Freshly installed PXC 5.5.41-37.0 box aborts with no diagnostics after successful SST

Hi there,

I’ve inherited a Galera cluster and am bringing it up to the current 5.5.41-37.0 point release from 5.5.34-25.9. The two Debian based nodes upgraded fine, but the 3rd, a RHEL6 based box (OS due to circumstances outside of our control) is having no end of problems.

First of all we hit a problem where the previously configured SST method (rsync) would time out during the transfer, aborting the SST.

Switching to xtrabackup-v2 with xbstream solved that problem, but now after the successful SST I just see:

[...]
Jun 8 11:43:54 hostname -wsrep-sst-joiner: Move successful, removing /var/lib/mysql//.sst
Jun 8 11:43:54 hostname -wsrep-sst-joiner: Galera co-ords from recovery: 874d7052-1e62-11e3-aa8d-97e571a97d4a:126724943
Jun 8 11:43:54 hostname -wsrep-sst-joiner: Total time on joiner: 0 seconds
Jun 8 11:43:54 hostname -wsrep-sst-joiner: Removing the sst_in_progress file
Jun 8 11:43:54 hostname mysqld: 160608 11:43:54 [Note] WSREP: SST complete, seqno: 126724943
Jun 8 11:43:54 hostname mysqld: 160608 11:43:54 [Note] Plugin 'FEDERATED' is disabled.
Jun 8 11:43:54 hostname mysqld: 160608 11:43:54 InnoDB: The InnoDB memory heap is disabled
Jun 8 11:43:54 hostname mysqld: 160608 11:43:54 InnoDB: Mutexes and rw_locks use GCC atomic builtins
Jun 8 11:43:54 hostname mysqld: 160608 11:43:54 InnoDB: Compressed tables use zlib 1.2.3
Jun 8 11:43:54 hostname mysqld: 160608 11:43:54 InnoDB: Using Linux native AIO
Jun 8 11:43:54 hostname mysqld: 160608 11:43:54 InnoDB: Initializing buffer pool, size = 22.0G
Jun 8 11:43:55 hostname mysqld: 160608 11:43:55 InnoDB: Completed initialization of buffer pool
Jun 8 11:43:55 hostname mysqld: 160608 11:43:55 InnoDB: highest supported file format is Barracuda.
Jun 8 11:43:57 hostname mysqld: 160608 11:43:57 InnoDB: Waiting for the background threads to start
Jun 8 11:43:58 hostname mysqld: 160608 11:43:58 Percona XtraDB (http://www.percona.com) 5.5.41-37.0 started; log sequence number 876619301144
Jun 8 11:43:58 hostname mysqld: 160608 11:43:58 [ERROR] Aborting
Jun 8 11:43:58 hostname mysqld:
Jun 8 11:44:00 hostname mysqld: 160608 11:44:00 [Note] WSREP: Closing send monitor...
Jun 8 11:44:00 hostname mysqld: 160608 11:44:00 [Note] WSREP: Closed send monitor.
[...]

That’s all that’s logged in the syslog info (mysqld_safe is set to use syslog in the config files).

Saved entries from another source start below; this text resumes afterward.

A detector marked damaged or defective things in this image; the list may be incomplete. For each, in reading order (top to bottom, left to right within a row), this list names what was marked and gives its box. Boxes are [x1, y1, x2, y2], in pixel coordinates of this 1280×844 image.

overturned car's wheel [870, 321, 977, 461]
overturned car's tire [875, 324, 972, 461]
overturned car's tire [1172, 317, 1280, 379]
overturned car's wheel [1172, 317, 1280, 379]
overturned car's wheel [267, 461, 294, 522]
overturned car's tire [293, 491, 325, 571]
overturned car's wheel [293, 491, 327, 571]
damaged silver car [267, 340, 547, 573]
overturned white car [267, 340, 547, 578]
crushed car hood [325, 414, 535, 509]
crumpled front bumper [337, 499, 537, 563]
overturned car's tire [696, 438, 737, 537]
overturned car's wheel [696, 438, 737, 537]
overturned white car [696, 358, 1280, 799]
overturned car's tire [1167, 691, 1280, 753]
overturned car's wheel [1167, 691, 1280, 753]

I’ve run innochecksum on all the InnoDB files pulled over by the SST and they look fine.

As this node is provisioned via xCAT I’ve reinstalled it to see if there was something odd locally and it breaks in the same way.

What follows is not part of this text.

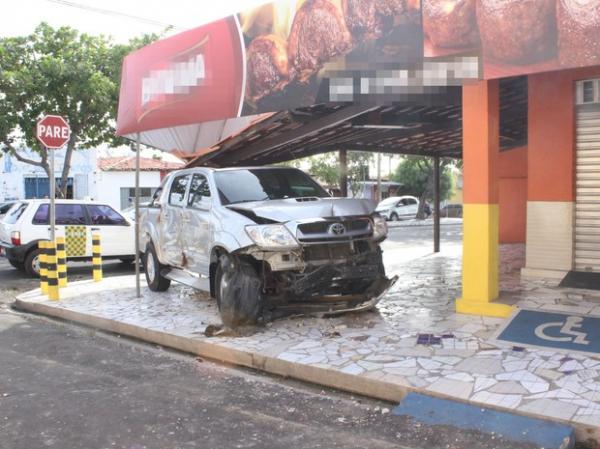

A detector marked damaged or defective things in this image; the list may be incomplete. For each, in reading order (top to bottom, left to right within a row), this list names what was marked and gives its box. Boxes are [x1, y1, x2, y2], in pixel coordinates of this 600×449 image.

crashed toyota pickup [139, 166, 394, 328]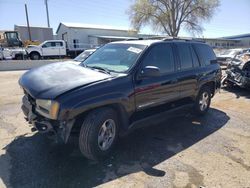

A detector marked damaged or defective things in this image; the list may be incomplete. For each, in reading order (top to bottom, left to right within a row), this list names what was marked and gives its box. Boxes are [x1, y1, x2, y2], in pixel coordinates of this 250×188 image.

Basically as far as I can tell all I have so far to go on is:

Jun 8 11:43:58 hostname mysqld: 160608 11:43:58 [ERROR] Aborting

which isn’t a great deal to go on, to say the least. :-/

Any ideas on how to debug this please?

All the best,
Chris

Chris,

Can you post more of messages, before
11:43:54 hostname -wsrep-sst-joiner: Move successful, removing /var/lib/mysql//.sst If you can post from the moment mysqld started, that would be helpful.
Is there any messages in dmesg?

Any reason you are still using 5.5? I’d try with 5.6 too

Hiya,

Interesting, I’d been concentrating on the lines:

Jun 8 11:43:53 barcoo-test -innobackupex-move: 160608 11:43:53 [01] Moving ./gitorious/messages.ibd to /var/lib/mysql/gitorious/messages.ibd
Jun 8 11:43:53 barcoo-test -innobackupex-move: 160608 11:43:53 [01] ...done
Jun 8 11:43:53 barcoo-test -innobackupex-move: 160608 11:43:53 [01] Moving ./gitorious/taggings.ibd to /var/lib/mysql/gitorious/taggings.ibd
Jun 8 11:43:53 barcoo-test -innobackupex-move: 160608 11:43:53 [01] ...done
Jun 8 11:43:53 barcoo-test -innobackupex-move: 160608 11:43:53 [01] Moving ./gitorious/merge_request_versions.frm to /var/lib/mysql/gitorious/merge_request_versions.frm
Jun 8 11:43:53 barcoo-test -innobackupex-move: 160608 11:43:53 [01] ...done
Jun 8 11:43:53 barcoo-test -innobackupex-move: 160608 11:43:53 [01] Moving ./gitorious/merge_requests.frm to /var/lib/mysql/gitorious/merge_requests.frm
Jun 8 11:43:53 barcoo-test -innobackupex-move: 160608 11:43:53 [01] ...done
Jun 8 11:43:53 barcoo-test -innobackupex-move: 160608 11:43:53 [01] Moving ./gitorious/groups.frm to /var/lib/mysql/gitorious/groups.frm
Jun 8 11:43:53 barcoo-test -innobackupex-move: 160608 11:43:53 [01] ...done
Jun 8 11:43:53 barcoo-test -innobackupex-move: 160608 11:43:53 [01] Moving ./gitorious/archived_events.frm to /var/lib/mysql/gitorious/archived_events.frm

but interestingly the line immediately after that and before the “Move successful” one is:

Jun 8 11:43:53 barcoo-test rsyslogd-2177: imuxsock begins to drop messages from pid 17357 due to rate-limiting

So I’ll redo this SST sending the logs elsewhere so that’s not an issue. I wonder what that’s hiding? Should have spotted it before… :frowning:

Why not 5.6? Because I’ve inherited this and don’t want to make any big changes whilst it’s in production. Plus having 1 node down out of a 3 node cluster means bad things will happen if I take another node out to try and do a rolling upgrade. :frowning:

All the best,
Chris

OK rerun finished, but it appears it doesn’t capture the xtrabackup output as before, so all I see is it clean up the /var/lib/mysql directory first and then it logs:

removed directory: `/var/lib/mysql/rtdb'
WSREP_SST: [INFO] Waiting for SST streaming to complete! (20160609 13:40:00.588)
160609 13:54:51 [Note] WSREP: 0 (db3): State transfer to 1 (barcoo-test) complete.
160609 13:54:51 [Note] WSREP: Member 0 (db3) synced with group.
WSREP_SST: [INFO] Preparing the backup at /var/lib/mysql//.sst (20160609 13:55:05.014)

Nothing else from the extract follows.